Amazon is the original two-sided marketplace. While Amazon’s initial model involved warehouses and stocking every book in history, Amazon really took off when it became the internet’s primary storefront. I acknowledge that Amazon still has lots of warehouses and many key products still say “Ships from and sold by Amazon.com.” That said, the company’s growth really took off when other sellers were able to move their goods through Amazon’s platform. This move solved the classic chicken and egg issue and consumers came in droves. While these indirect network effects have allowed Amazon to become a thriving business, its current scale prevents it from being good at anything specific while trying to be everything to everyone.
Indirect network effects enabled Amazon’s rocket-speed growth
Amazon sits between its end consumers (e.g., you and I looking for cheap wires and electronics) and merchants (everyone from official sellers on Amazon.com to Amazon marketplace). Consumers are not interested in buying from Amazon until there are enough products available, which usually means enough retailers present. Once the users arrive, retailers double down and show up even more. The two sides feed each other with Amazon taking a margin on each item sold.
Amazon’s value-add in this equation is more or less keeping order. Every Amazon product page looks roughly the same. Four bullets describing the product. Pictures on the left hand side. Amazon keeps all of its merchants on a short lease and requires compliance with strict operating metrics as well. Amazon’s role in this market is critical, which is why other players have been unable to disintermediate Amazon.
Direct network effects accelerated growth
Looking at the consumer side, Amazon also proved its worth with key innovations that created direct network effects out of thin air. In traditional retail environments, the direct network effects are fairly limited. Maybe you see someone pick up a shirt and you decide to check it out too. With ratings and reviews, Amazon took what everyone was thinking and put it in a digestible format. Products with lower than four star ratings rarely last. Any products worth your time has at least 50 reviews. These ratings and reviews along with meticulously tracking people’s movements on the website led to predictive analytics. Folks that bought your product also tend to buy these six things. Genius. A whole world of direct network effects that basically didn’t exist prior to Amazon’s handy work suddenly changed the game.

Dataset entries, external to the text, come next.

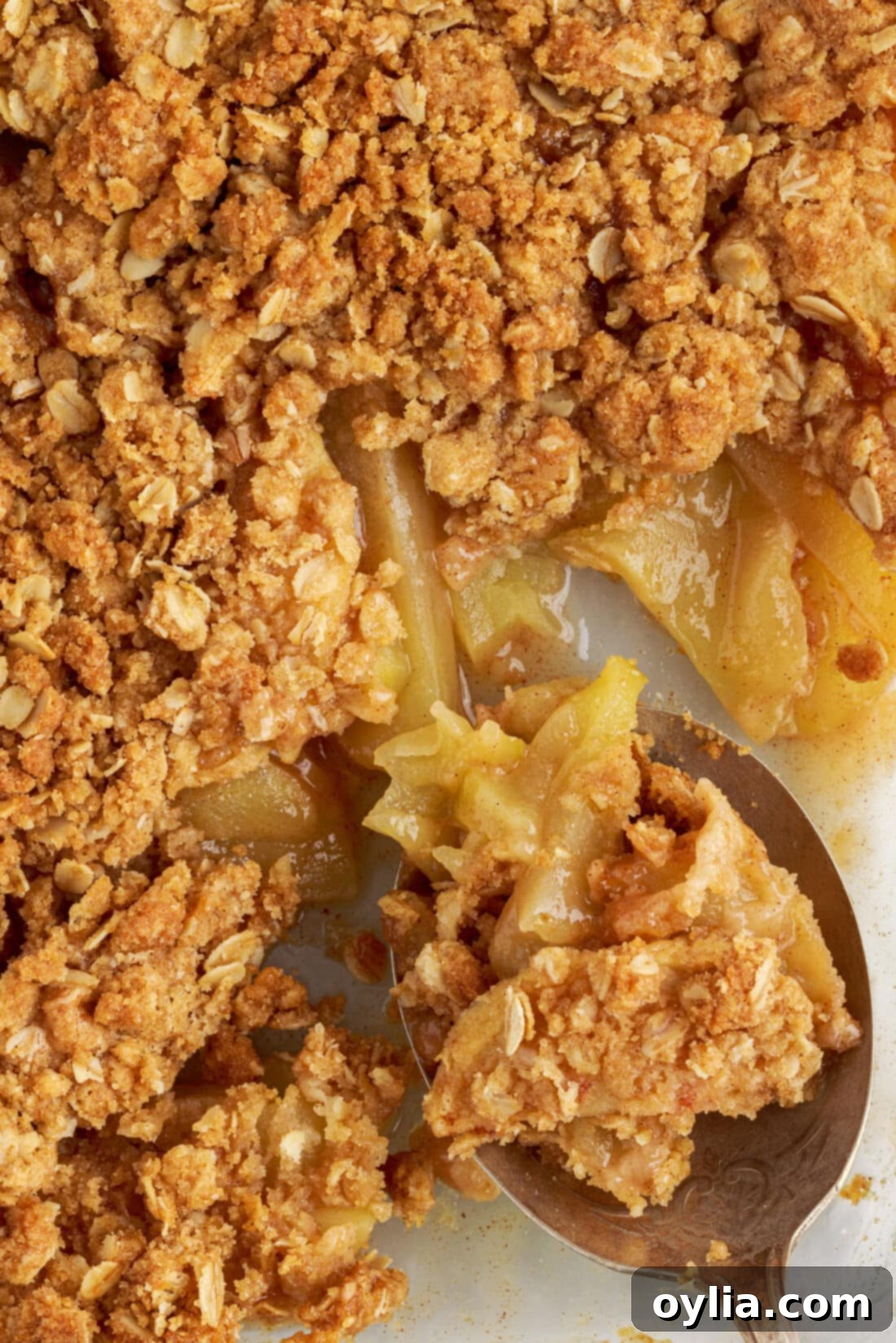 Apple Crumble 3 Spoon digging into a freshly baked pan of apple crumble
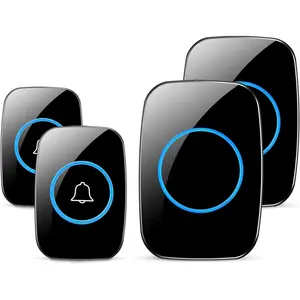 Waterproof Wireless Doorbell Kit, Over 1000ft Range, Distinguishes Front & Rear Doors, 60 Chimes, 5 Volume Levels with LED Flash for Home Office Classroom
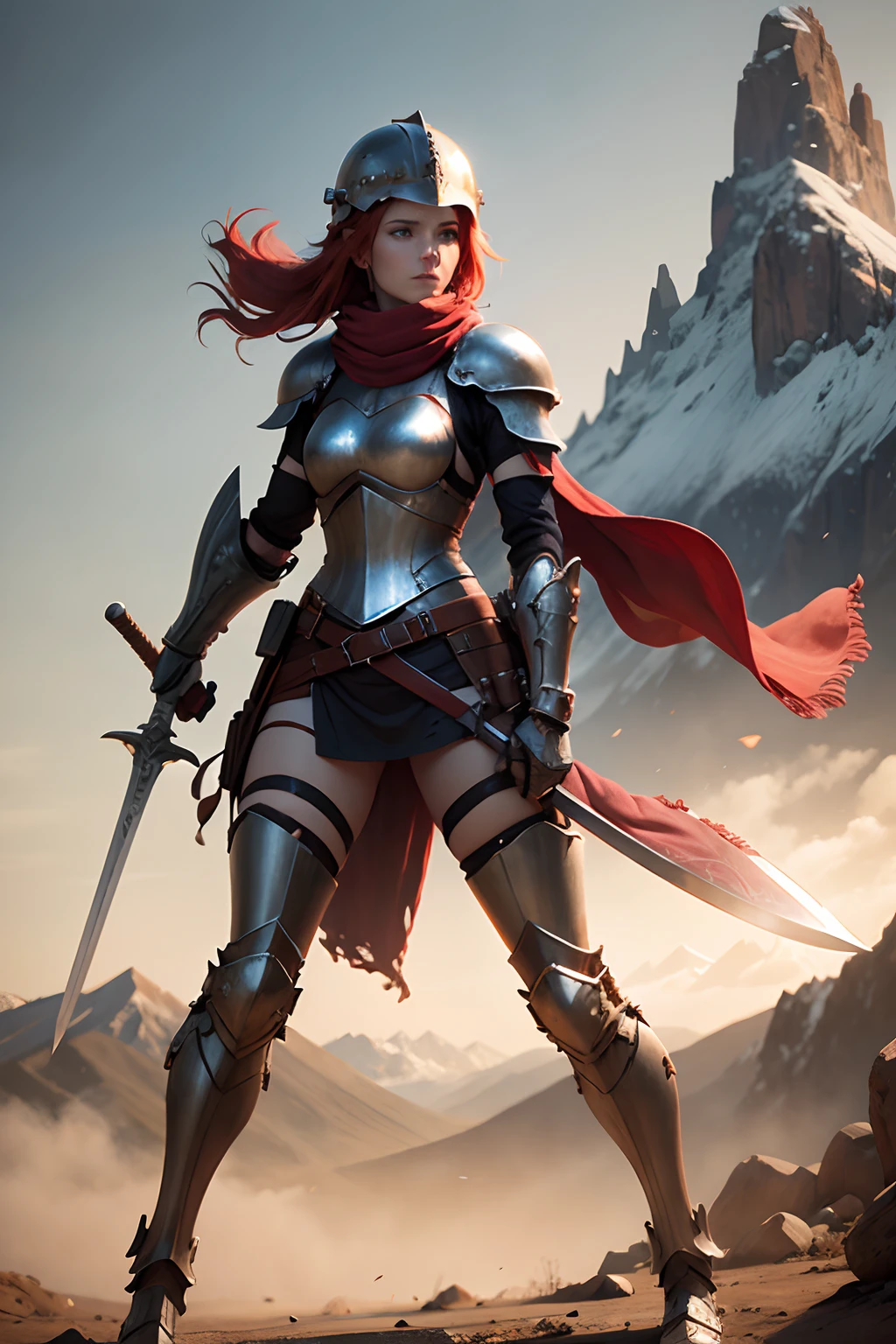 a lady knight with red hair, wearing simple helmet, skimpy body armor, wielding a sword, tattered scarf, 8k, mountain background, full body shot, simple pose, realistic lighting, simple battlescar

Amazon’s size could prevent it from ever truly mastering its craft
Amazon has enjoyed unprecedented growth for many years, but that size could make it difficult to really master the art of retail. Look at Amazon Fresh. Having exhausted most other product categories, Amazon turned toward grocery. By providing products that people replenish on a weekly basis, Amazon is hitting your doorstep that much more often and getting a bigger share of wallet. So how has it gone? Not so well. Amazon has been at the grocery game for almost two years and still doesn’t have any major wins to show for it. Perhaps the same store consistency that drove its growth before is actually hindering it now. Maybe grocery shoppers want more than five bullets and some photos.
How about apparel? Again, Amazon is making a big push into clothing yet it hasn’t really taken off. This has to be in large part because the ingredients for success in apparel ecommerce are not present in Amazon’s current setup.
If Amazon is to continue its run, it will have to consider changing its approach. Perhaps the site within a site route will make sense for some categories. While Amazon’s growth to date has been enabled and accelerated by powerful network effects, its future will depend on the ability to specialize and adjust.